§ **Try it**:
Print only the lines running from the line with "次世代型路面電車の無料貸し切り便で会場に向かう参加者" to the final line below, both included, exactly as written and without the pictures.

BEGIN Provided data

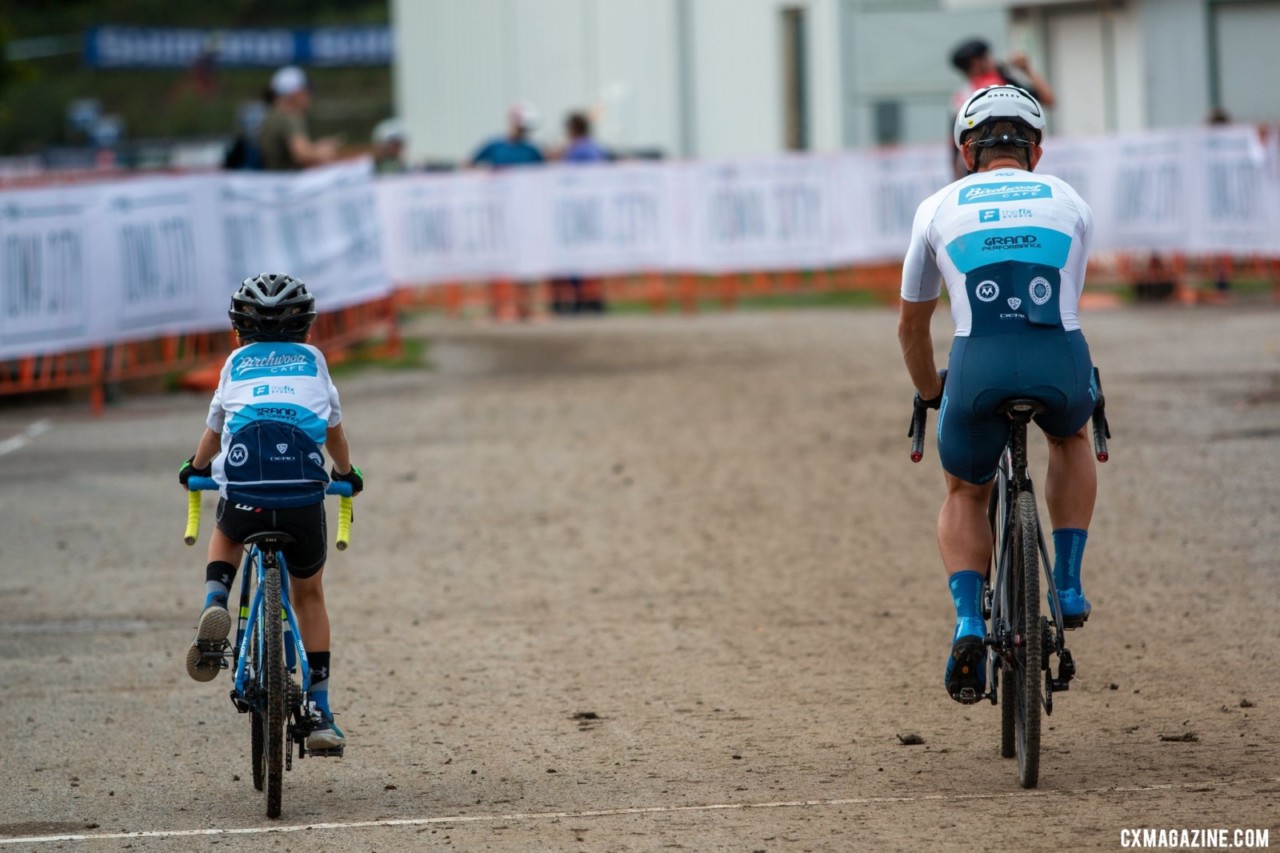 Course pre-ride. 2019 Jingle Cross. © A. Yee / Cyclocross Magazine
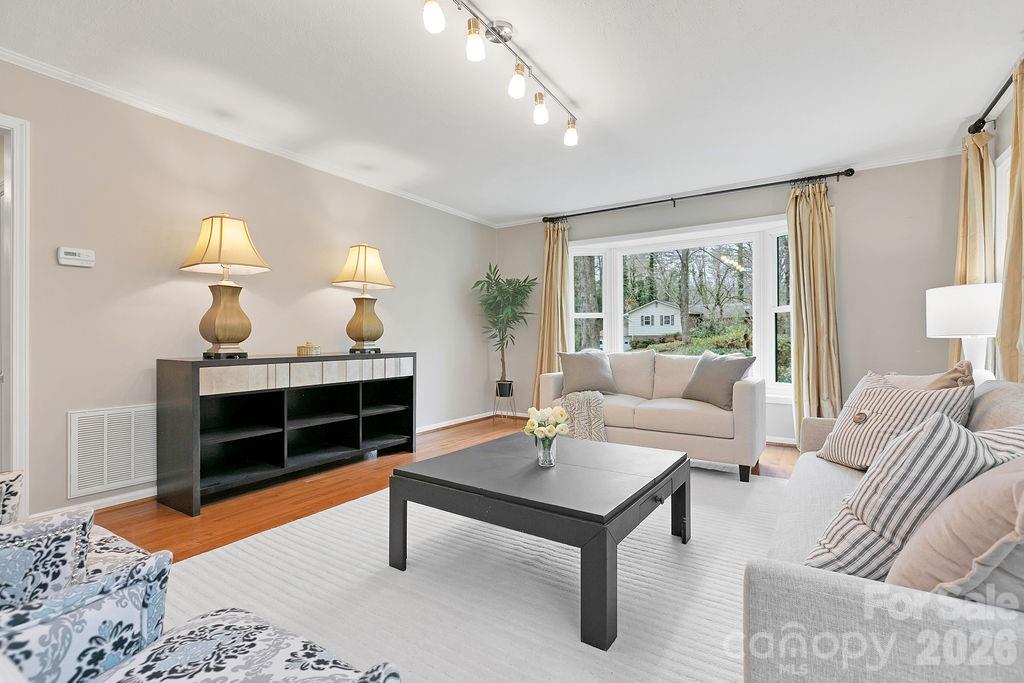 Illahee Hills - Residential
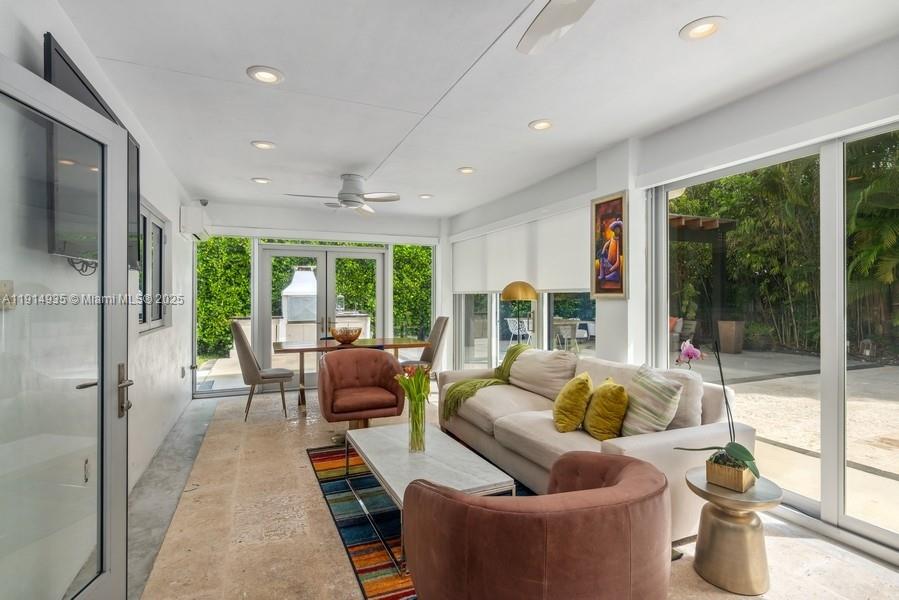 BEVERLY GARDENS - Residential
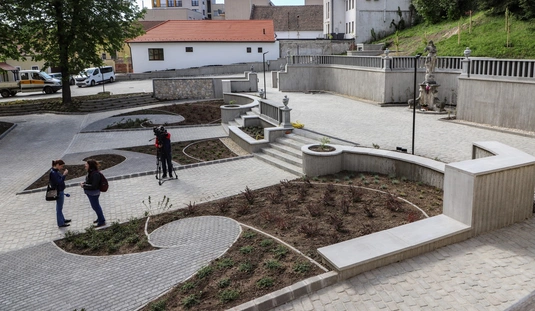 Megújult a Mimdszenti templom udvara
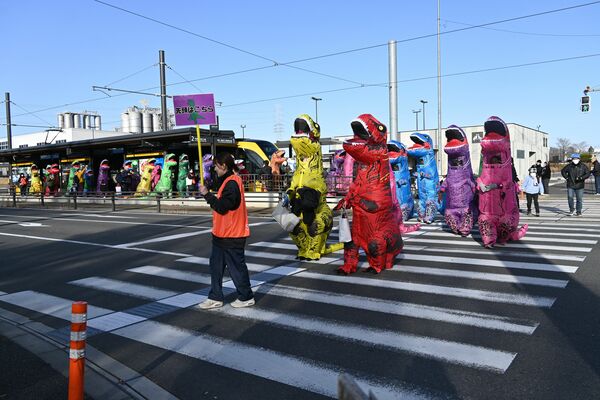 次世代型路面電車の無料貸し切り便で会場に向かう参加者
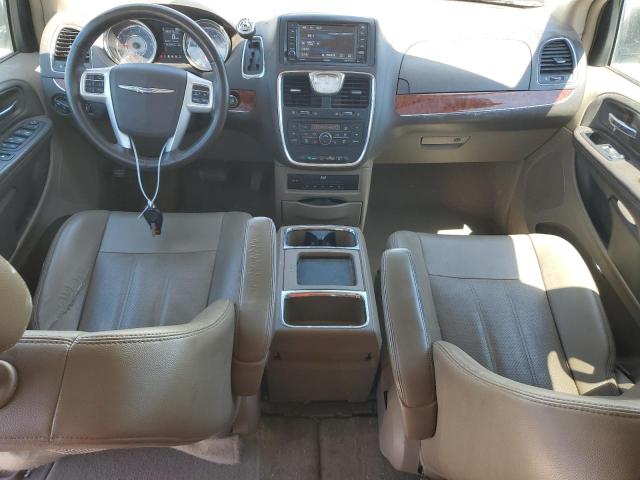 Photo 8 from auction – 2015 CHRYSLER TOWN & COU with VIN 2C4RC1CG4FR572815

END Provided data

§ **Answer for this exercise**:
 次世代型路面電車の無料貸し切り便で会場に向かう参加者
 Photo 8 from auction – 2015 CHRYSLER TOWN & COU with VIN 2C4RC1CG4FR572815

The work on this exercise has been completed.